Brecker Brothers Biography
Individually, saxophonist Michael Brecker and trumpeter/flugelhornist Randy Brecker are among the most skillful, versatile and in-demand jazz players of their era. Collectively, the sibling duo made a lasting mark with a series of popular albums that established them as leading lights in jazz-fusion’s embrace of elements of rock and R&B.
Randy Brecker was an original member of Blood, Sweat and Tears. After he left that band, he and his brother played together in the short-lived but influential fusion outfit Dreams, which also included Billy Cobham. Michael then played in groups led by Cobham and Horace Silver, while Randy became was a charter member of Larry Coryell’s seminal fusion combo the Eleventh House. Michael and Randy then reunited to launch the Brecker Brothers, whose emphasis on structured arrangements and a rock-influenced backbeat broadened the duo’s appeal to rock-weaned audiences. The Breckers demonstrated an impressive ability to make music that was complex and intricate, yet consistently accessible.

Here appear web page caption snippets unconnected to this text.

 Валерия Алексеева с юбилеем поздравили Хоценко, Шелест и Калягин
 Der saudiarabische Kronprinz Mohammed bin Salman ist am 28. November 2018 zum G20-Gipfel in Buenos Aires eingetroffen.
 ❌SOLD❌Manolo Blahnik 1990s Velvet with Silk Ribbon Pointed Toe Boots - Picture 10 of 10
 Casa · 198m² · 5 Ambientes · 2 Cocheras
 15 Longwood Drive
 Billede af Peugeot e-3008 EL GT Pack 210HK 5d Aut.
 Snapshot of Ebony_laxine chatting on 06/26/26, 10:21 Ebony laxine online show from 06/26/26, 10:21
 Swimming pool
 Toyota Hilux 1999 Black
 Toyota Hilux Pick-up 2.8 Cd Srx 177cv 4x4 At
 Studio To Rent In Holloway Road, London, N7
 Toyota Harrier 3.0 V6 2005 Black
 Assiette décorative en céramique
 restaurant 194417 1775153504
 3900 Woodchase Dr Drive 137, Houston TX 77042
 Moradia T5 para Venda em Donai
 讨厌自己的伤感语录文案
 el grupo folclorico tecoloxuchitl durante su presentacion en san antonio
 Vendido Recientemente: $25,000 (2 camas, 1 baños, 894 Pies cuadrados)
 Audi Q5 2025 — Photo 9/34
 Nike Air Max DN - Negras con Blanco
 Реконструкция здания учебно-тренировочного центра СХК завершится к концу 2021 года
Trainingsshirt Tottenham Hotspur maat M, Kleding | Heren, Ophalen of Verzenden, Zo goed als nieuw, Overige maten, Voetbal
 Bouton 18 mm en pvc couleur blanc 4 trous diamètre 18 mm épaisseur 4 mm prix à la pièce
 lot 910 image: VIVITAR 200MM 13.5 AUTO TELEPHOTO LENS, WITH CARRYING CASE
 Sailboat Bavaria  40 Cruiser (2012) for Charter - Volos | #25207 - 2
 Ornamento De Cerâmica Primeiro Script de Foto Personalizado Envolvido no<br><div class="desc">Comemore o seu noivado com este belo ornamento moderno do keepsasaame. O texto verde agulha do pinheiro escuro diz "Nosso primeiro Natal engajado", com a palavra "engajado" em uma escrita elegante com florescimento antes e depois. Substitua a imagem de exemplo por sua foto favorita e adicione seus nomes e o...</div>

The Brecker Brothers recorded prolifically through the second half of the 1970s, co-leading a band that at various times included such heavyweights as David Sanborn, George Duke and Will Lee. Both together and separately, the brothers also maintained busy parallel careers as studio sidemen, recording with such prestigious jazz artists as Chet Baker, George Benson, Chick Corea, Pat Metheny, Charles Mingus, Jaco Pastorius and McCoy Tyner, as well as rock and pop performers like Frank Sinatra, Paul Simon, James Taylor, Bruce Springsteen, Steely Dan, Frank Zappa and Parliament-Funkadelic.
After the Brecker Brothers disbanded in 1982, Michael and Randy maintained thriving individual careers, with Michael joining the jazz supergroup Steps Ahead and recording a series of acclaimed solo releases, on which he augmented his saxophone work with the EWI (Electronic Wind Instrument). Michael and Randy reunited in the early ’90s for two albums with a retooled Brecker Brothers lineup, and Michael later teamed with Herbie Hancock and Roy Hargrove to form a temporary aggregation that bore the three musicians’ surnames. Although Michael passed away in 2007, Randy continues remains one of jazz’s most respected horn players.